Lo tenía decidido. Apenas pusiera los pies en el Cusco vomitaría su amor. Le diría, sin rubores ni metáforas, que ella era la chiquita de su vida. Que la amaba en secreto desde tercero de media, pero que tuvo que morderse la lengua estos dos años para ahorrar para el viaje, para poder estar como están ahora.
Y ahora están con su ropa de domingo en un sábado que está a punto de estirar la pata. Sentados en una banquita parchada de la Plaza de Armas, mirando la Catedral cusqueña, oteando las parejas de chicas pálidas y bricheros cobrizos. Esperando que se consuma el pucho para meterse a bailar al Mamá África. Para cantarle, en medio de un aquelarre de razas y lenguas, que su amor era como un embrujo.
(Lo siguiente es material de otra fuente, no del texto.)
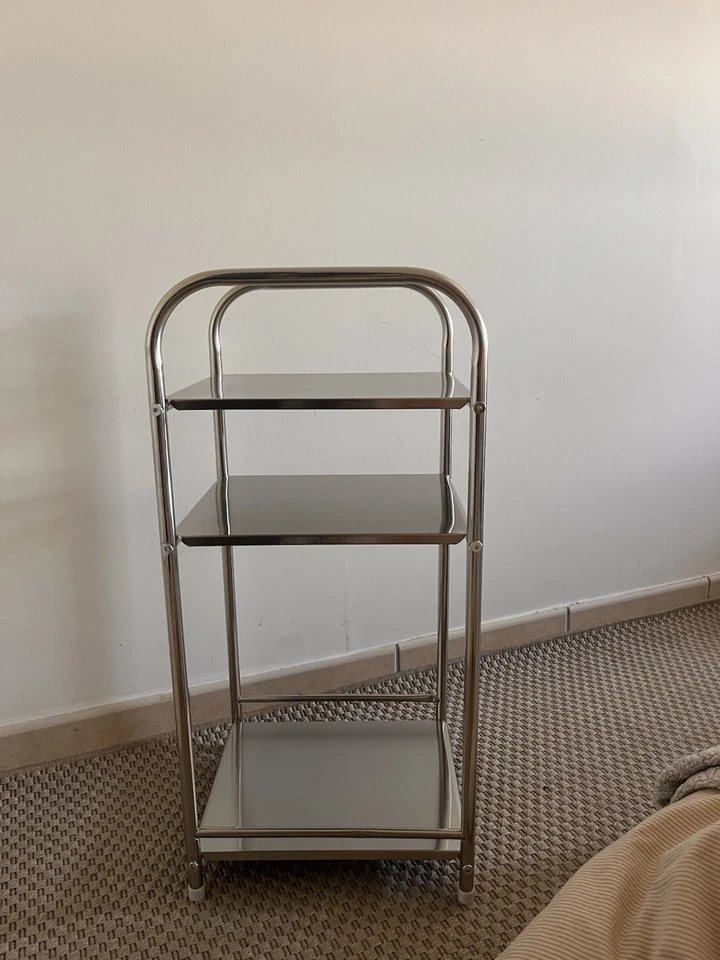 Étagère chromée, table de chevet, vintage - Photo 2/4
Bryan Gálvez había dispuesto todo para que aquello sucediera en el momento indicado. Por eso, cuando dejaron de cantar el himno del colegio y entonaron los pegajosos hits del Grupo 5 y Kaliente, él la miró fijamente a los ojos, como para dejarle una señal de lo inminente. Ella asintió el halago jugando con sus cabellos.
El bullicio siguió hasta pasadas las 8 de la noche y recién a eso de las 9 el carro quedó en completo silencio. El chofer había dejado seis horas atrás las lágrimas de mamás preocupadas y esperaba llegar al Cusco a eso de la una de la tarde del día siguiente, por eso mandó el mesaje por el auricular: “Buenas muchachos, estimo que llegaremos al Cusco mañana para la hora del almuerzo”, dijo un afable José Ayulo.
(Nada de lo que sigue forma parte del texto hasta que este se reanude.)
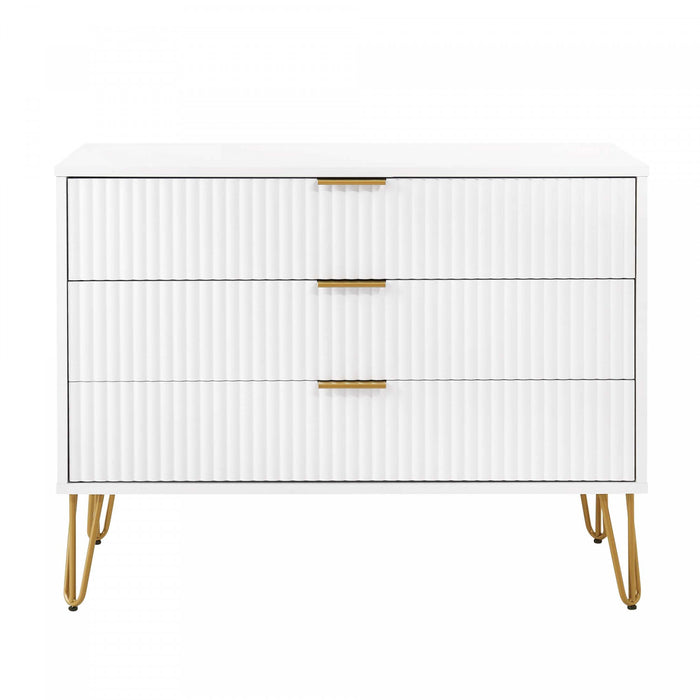 Commode Dumbo Moderne 35\" a Rainures en Blanc (3 Tiroirs)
Fue entonces cuando Rocío Baltazar (la miss 8 puntos) quebró los murmullos de sus alumnos -y de paso el sueño de dos médicos ingleses de la última fila- para darles un último consejo: “A ver muchachos, coman bien que de aquí no la verán sino hasta el Cusco. Si a alguien le choca la altura en el camino no dude en llamar a cualquiera de los profesores. ¿Trajeron su coramina no? … bueno, ya saben”, advirtió.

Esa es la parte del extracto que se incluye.